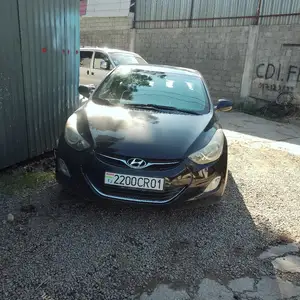 Hyundai Elantra, 2012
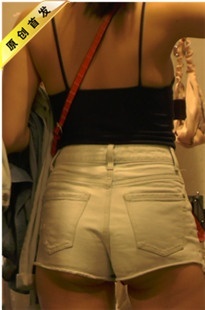 【幽明作品】极品吊带超短紧牛大美女[MP4/3GB]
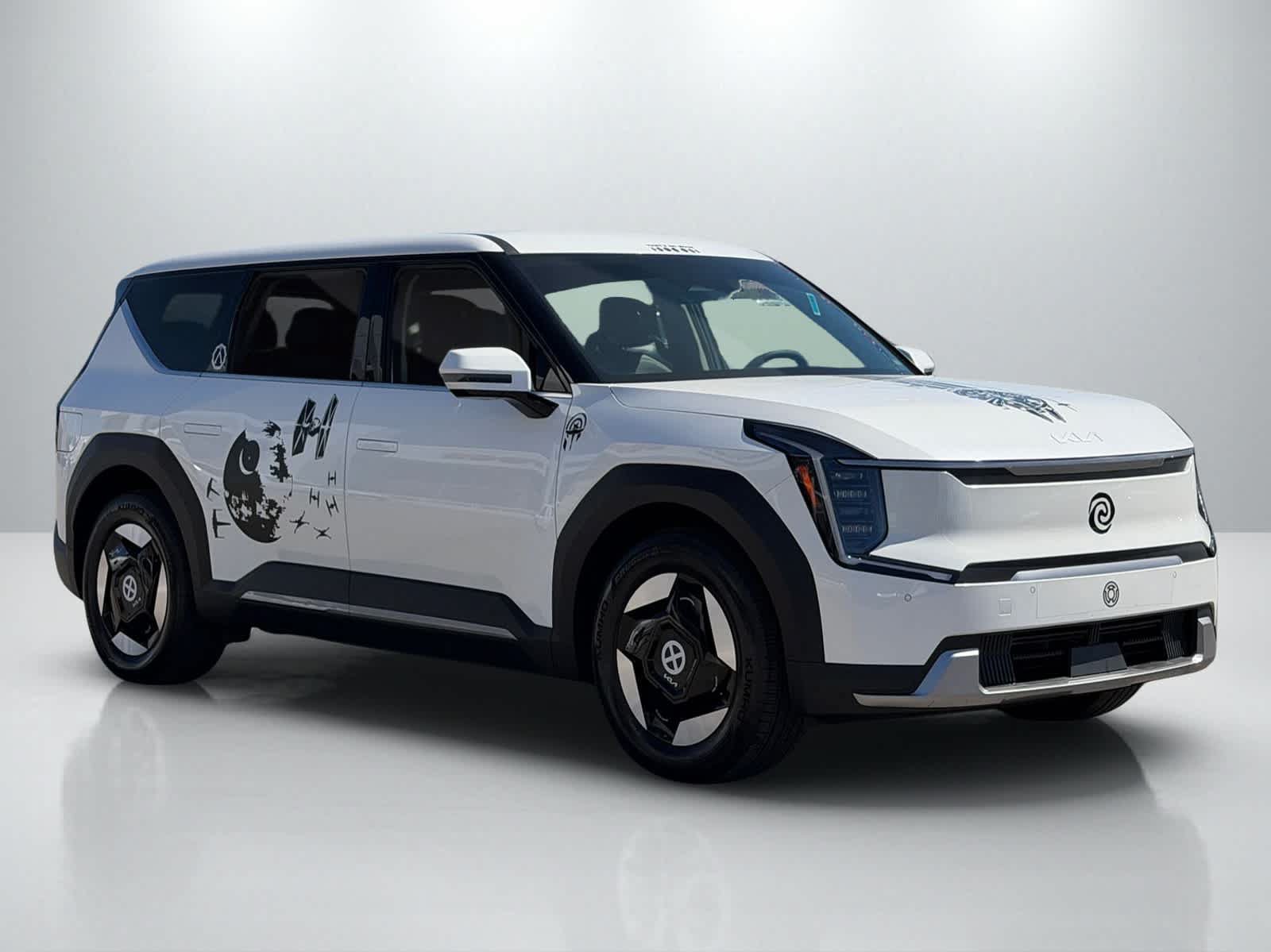 Used 2024 Kia EV9 Light Long Range RWD image 10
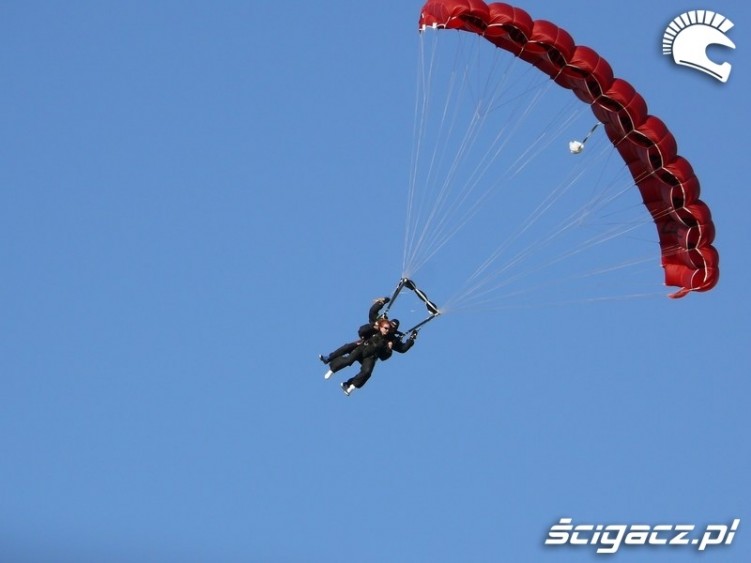 18 skok spadochronowy w tandemie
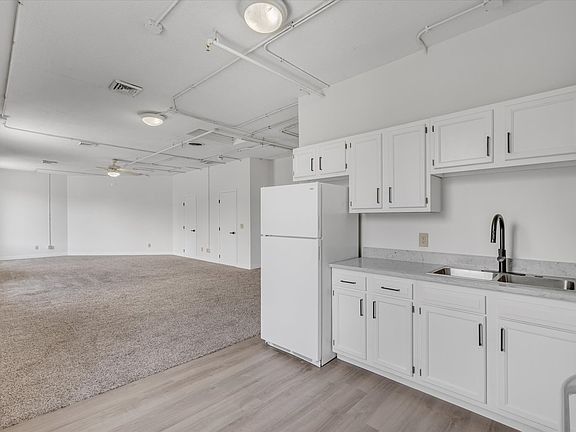 3rd image of 400 N Main St APT 403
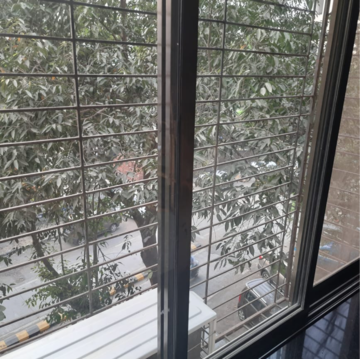 Balcony in 2 BHK Apartment at Kukreja Complex, Usha Nagar – for Rent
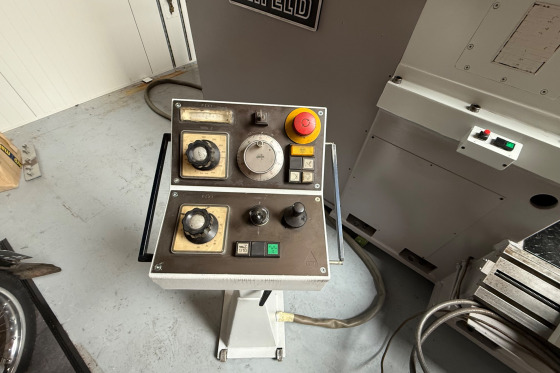 LEIFELD - PNC 750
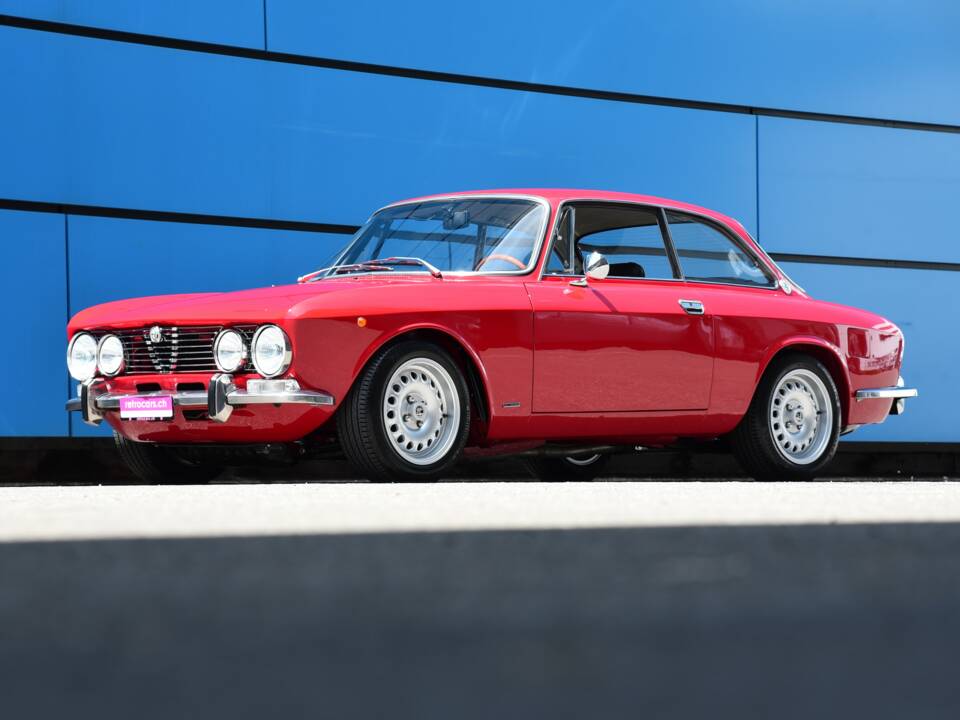 Image 16/17 of Alfa Romeo 2000 GT Veloce (1972)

***

→ **Task objective**
Repeat nothing but the lines from the one containing "Used 2024 Kia" through the last line of the listing, both included, exactly as written, and omit any picture.

→ **Response**
 Used 2024 Kia EV9 Light Long Range RWD image 10
 18 skok spadochronowy w tandemie
 3rd image of 400 N Main St APT 403
 Balcony in 2 BHK Apartment at Kukreja Complex, Usha Nagar – for Rent
 LEIFELD - PNC 750
 Image 16/17 of Alfa Romeo 2000 GT Veloce (1972)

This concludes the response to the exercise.